Morning Chatter

Quotes of the Day — Happy New Year!

Travel Bitches

“If an airplane itself could have influenza, I’m on it.” — Politico‘s Dave Levinthal.

“Guy behind me on plane whacks me w/ suitcase as putting it in overhead. ‘Oh, sorry, I didn’t see you.’ Cuz I’m REALLY tiny #HappyNewYear.” — Joanne Bamberger, mommy blogger, former news anchor and author of “Mothers of Intention.”

And a travel apology…“Off to Paris for a bit. Nice to see you again, turkish air. Please carry me safely to my destination and sorry for any anxiety exhibited.” — Seyward Darby, freelancer, former online editor at TNR.

Press aide tells everyone to calm down

“Folks out there w/ crazy theories about what’s going on in House. All ridiculous. Just figuring out best path forward. Stay calm, carry on.” — House Maj. Leader Eric Cantor aide Rory Cooper during fiscal cliff negotiations.

For a gay old time…

“Two tickets for @GayPimp‘s #GayestWeekendOfAllTime this March in Florida? Yes, please.” — Syndicated columnist and Bullfight Strategies’ Karl Frisch.

Loesch takes a breather from laptop

“I’ve not opened my laptop since December 21st. Rare. Christmas vacation was lovely, but am ready to roll up the sleeves again.” —’s Dana Loesch, who is now suing her former employer. Considering the backlash she received after the Sandy Hook shootings, in which she accused President Obama of playing politics with the deaths of children, this may have been a welcome relief.

Breitbart newbie on first-name basis with U.S. leaders

“In case anyone didn’t notice, we have now officially jumped off the fiscal cliff. Thanks John , Barry and Harry!” —‘s Matthew Boyle, who hopes to one day fill the shoes of the late Andrew Breitbart.

A rare nod to CNN

“CNN is the only big cable news network doing fiscal cliff coverage right now. (I mean, if you’re a geek.)” — The Daily Caller and The Week‘s Matt Lewis on New Year’s Day.

And now, a New Year’s Eve observation on facial hair: “Back on CNN with the bearded ones–Wolf Blitzer and Robert Reich–at 8:30. All agree. No taxation of facial hair.” — Americans for Tax Reform Prez Grover Norquist.

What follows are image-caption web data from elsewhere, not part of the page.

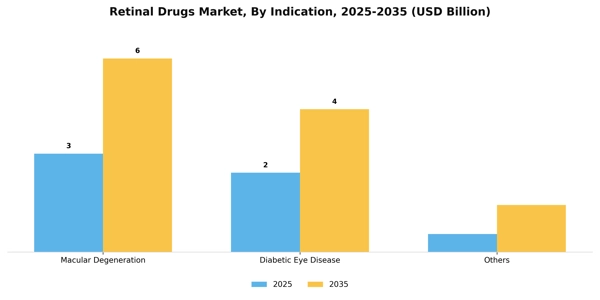 Retinal Drugs Market Segment Image 1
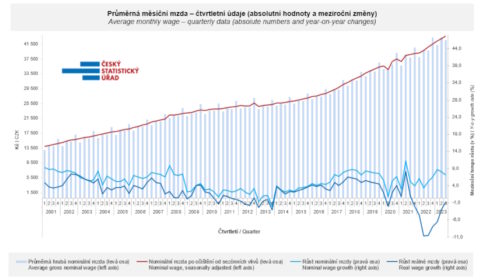 Průměrná mzda je 42 658 Kč, ale kupní síla se snížila na úroveň roku 2018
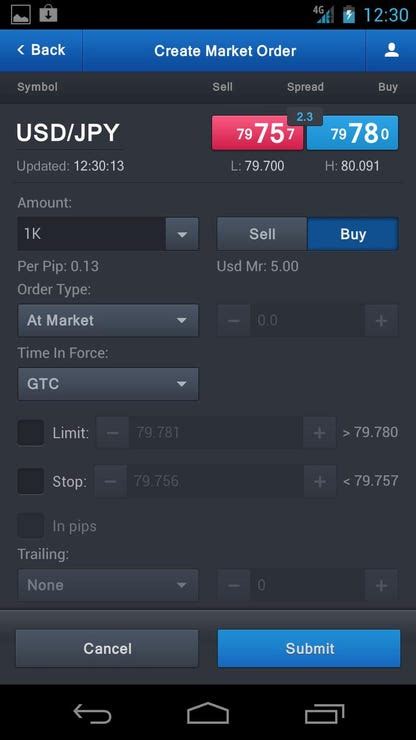Fxcm Trading Station Mobile Free Download And Software Reviews Cnet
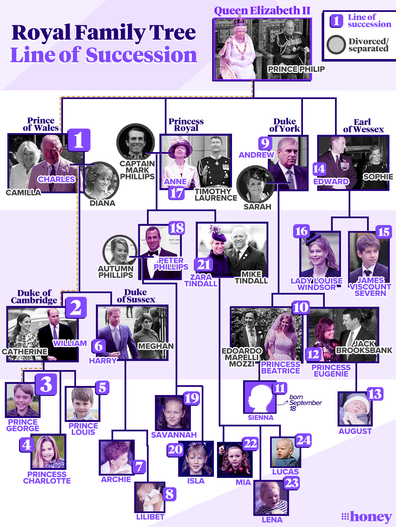 The British royal family's line of succession and family tree (updated April 25, 2022)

The Self-Appointed Media Critic…

Fmr. Mitt Romney aide accuses Politico‘s Allen of fabrication?

Richard Grenell: Mike Allen, I don’t believe the quote you just tweeted is really from a GOP insider. Media has lost credibility. #OnTheRecord

UPDATE: It was pointed out to us that Grenell was specifically responding to this tweet from Allen: “GOP source, privy to leadership strategy: House will add ‘spending cuts they know Democrats can’t live with…Our base is gonna be fired up'”

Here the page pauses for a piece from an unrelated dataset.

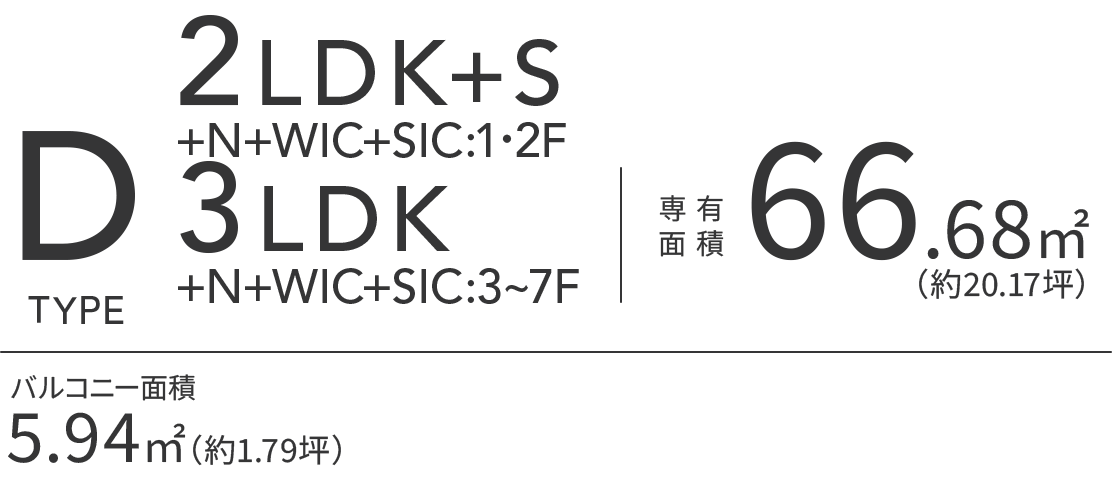 Dtype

A Convo Between Two Journos

HuffPost‘s Sam Stein: “More soul-crushing activity for your NYDay hangover than following this fiscal cliff drama?”

Politico‘s Ben White: “No. And I’m not even hungover.”

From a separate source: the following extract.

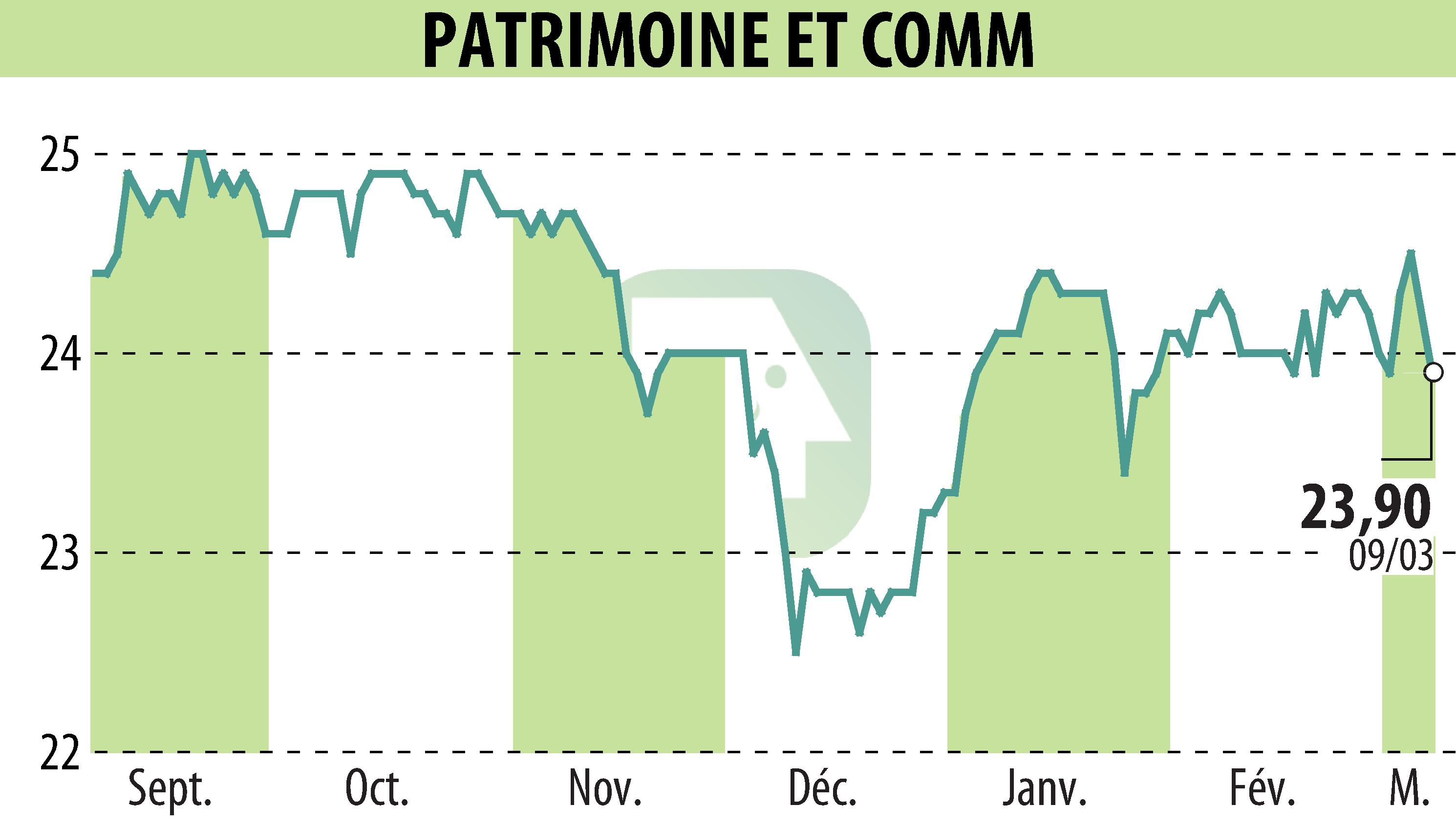 Graphique de l'évolution du cours de l'action PATRIMOINE & COMMERCE (EPA:PAT).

Self-Appointed Media Critic

“Wow. Lame. Today show previously recorded. I thought they considered themselves a news show — at least for the first few minutes.” — NationalReviewOnline‘s Jonah Goldberg.

Fiscal cliff fatigue…

“I’m so over the fiscal cliff.” — Blake Hounshel, managing editor of Foreign Policy magazine.

“Noodling on an idea: Obama as Jean Valjean and Boehner as Javert? You know how that ended.” — Mother Jones Washington Bureau Chief and MSNBC Contributor David Corn.

“Senate chaplain opened the session today by praying, ‘Save us from self-inflicted wounds.’ Everyone is sick of this.” — The Atlantic‘s Editor-in-Chief James Bennet.

The smart ass

“I’ll be on @Morning_Joe at 8 tomorrow talking about the fiscal cl–well, you know…” — Bloomberg Business Week‘s Joshua Green. To which The Atlantic‘s Scott Stossel wrote, “Fiscal chlamydia?”

Speaking of fatigue…“Outside of the Senate chamber, I run into Sen Lamar Alexander. The good senator from Tenn looks exhausted. Eyes drooping.” — NationalReviewOnline Capitol Hill Editor Robert Costa, who wrote this at 4:35 a.m. on Jan. 1. On another note…“Overheard in hallway – Chuck Schumer to Joe Manchin a few minutes after midnight: Get me some wine.” — The Hill’s Alex Bolton on New Year’s Eve/Day.